SOURCE DATA:

#####

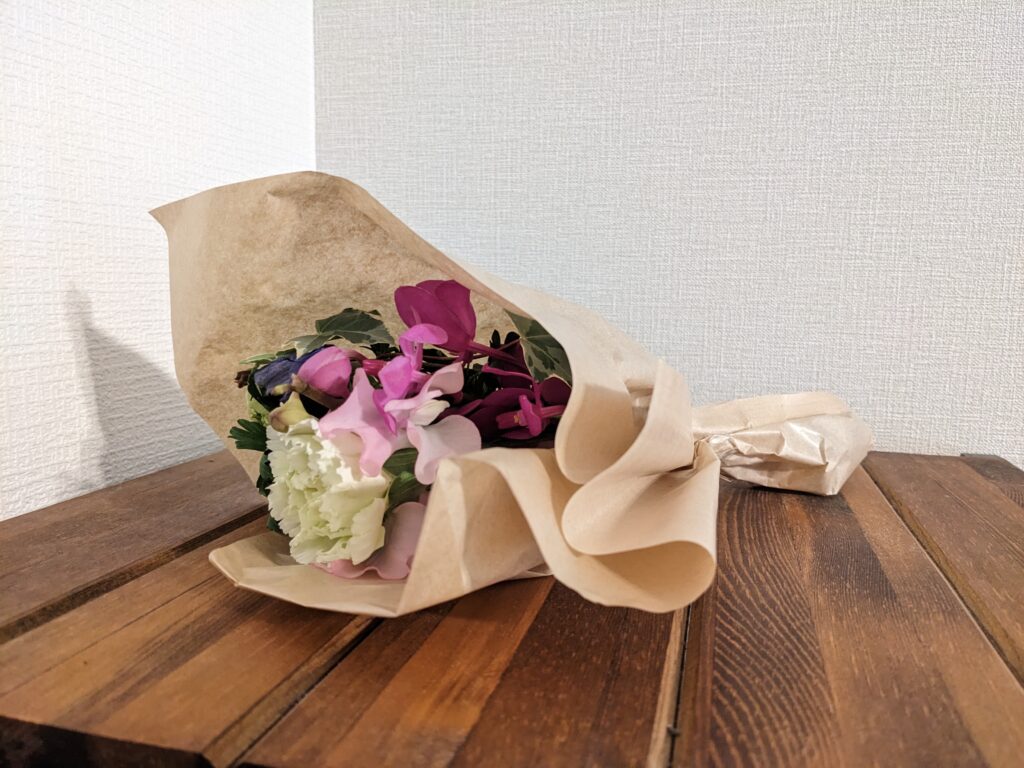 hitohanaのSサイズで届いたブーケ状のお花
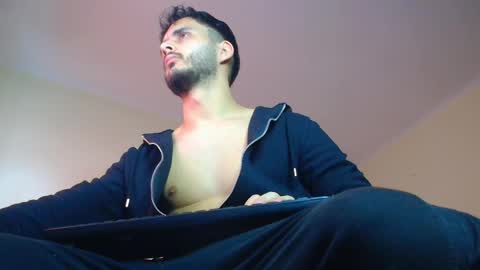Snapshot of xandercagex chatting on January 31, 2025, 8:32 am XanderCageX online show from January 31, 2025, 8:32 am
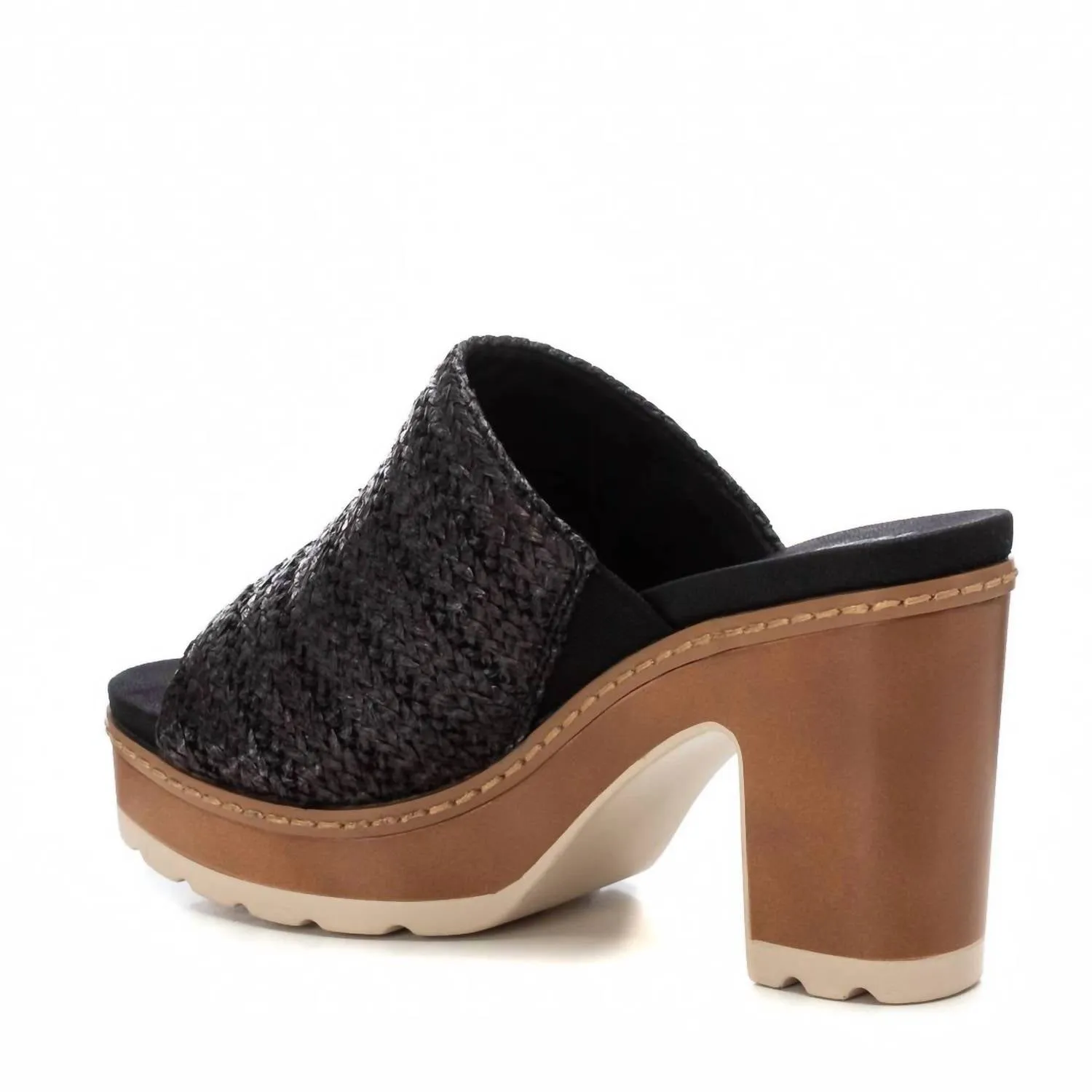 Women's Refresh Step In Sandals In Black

#####

ASSIGNMENT: Could you give back the full listing word for word, leaving out the images?

ANSWER TO THE EXERCISE:
 hitohanaのSサイズで届いたブーケ状のお花
Snapshot of xandercagex chatting on January 31, 2025, 8:32 am XanderCageX online show from January 31, 2025, 8:32 am
 Women's Refresh Step In Sandals In Black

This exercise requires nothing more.